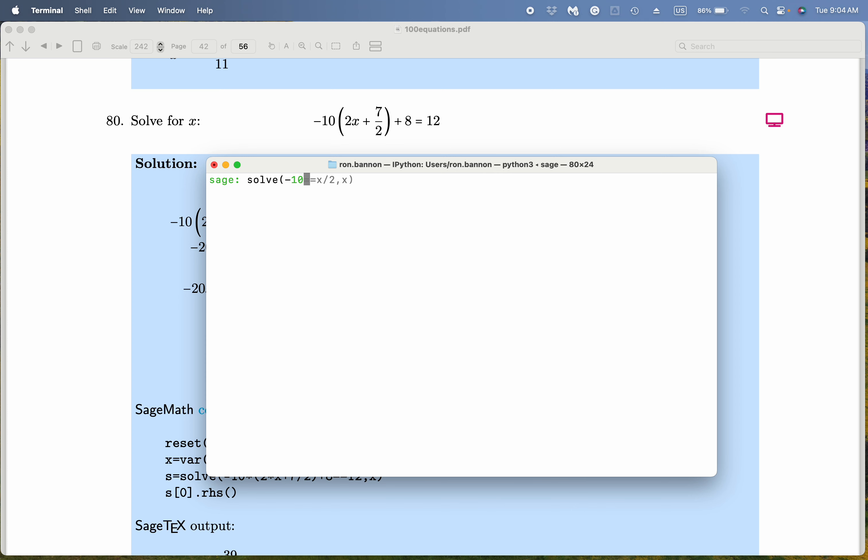That's minus 10 star. Let's see, 2 star X plus 7 divided by 2. Kind of busy, right? Plus 8, and that is equal to, remember the double equal sign is indicating this is an equation, equals X.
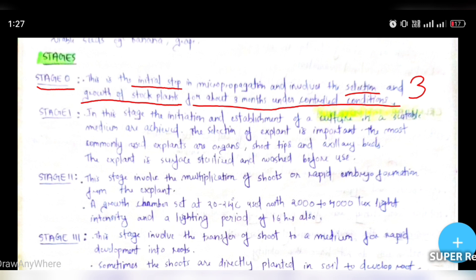Moving on to Stage 1. In this stage, the initiation and establishment of a culture in a suitable medium are achieved. The selection of explant is important. The most commonly used explants are organs, shoot tips, and axillary buds. The explant is surface sterilized and washed before use.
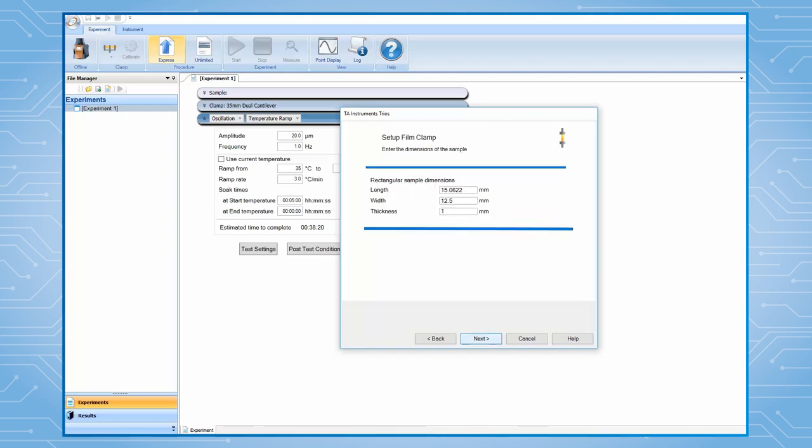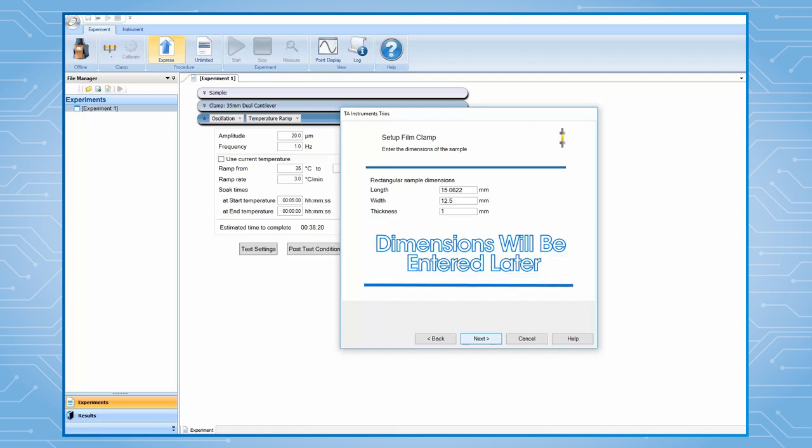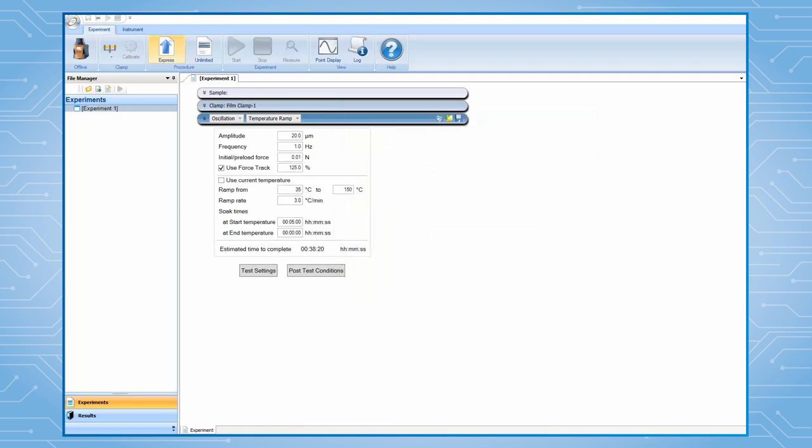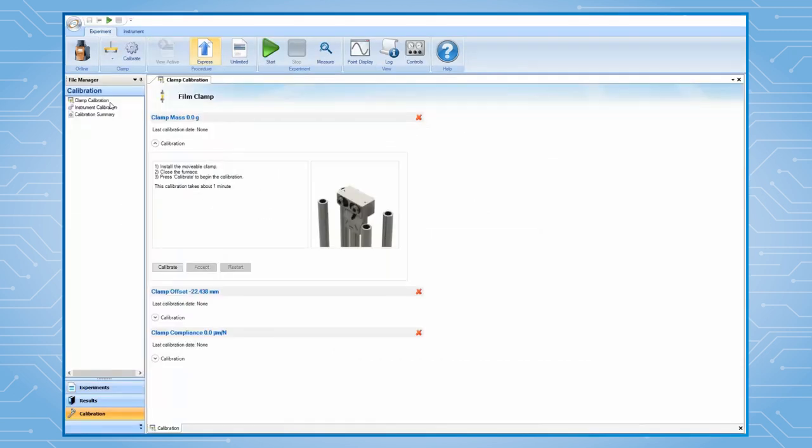Simply click on Next on this page. We do not need to enter a sample dimension at this moment because we will do so later when we program for each individual sample testing. Click on Finish to create this film tension clamp file. Then, TRIOS will automatically lead you to perform the clamp calibration.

◆ WHAT YOU WILL DO
Please retype the listing exactly, leaving out any images.

◆ RESPONSE FOR THIS EXERCISE
That's minus 10 star. Let's see, 2 star X plus 7 divided by 2. Kind of busy, right? Plus 8, and that is equal to, remember the double equal sign is indicating this is an equation, equals X.
Moving on to Stage 1. In this stage, the initiation and establishment of a culture in a suitable medium are achieved. The selection of explant is important. The most commonly used explants are organs, shoot tips, and axillary buds. The explant is surface sterilized and washed before use.
Simply click on Next on this page. We do not need to enter a sample dimension at this moment because we will do so later when we program for each individual sample testing. Click on Finish to create this film tension clamp file. Then, TRIOS will automatically lead you to perform the clamp calibration.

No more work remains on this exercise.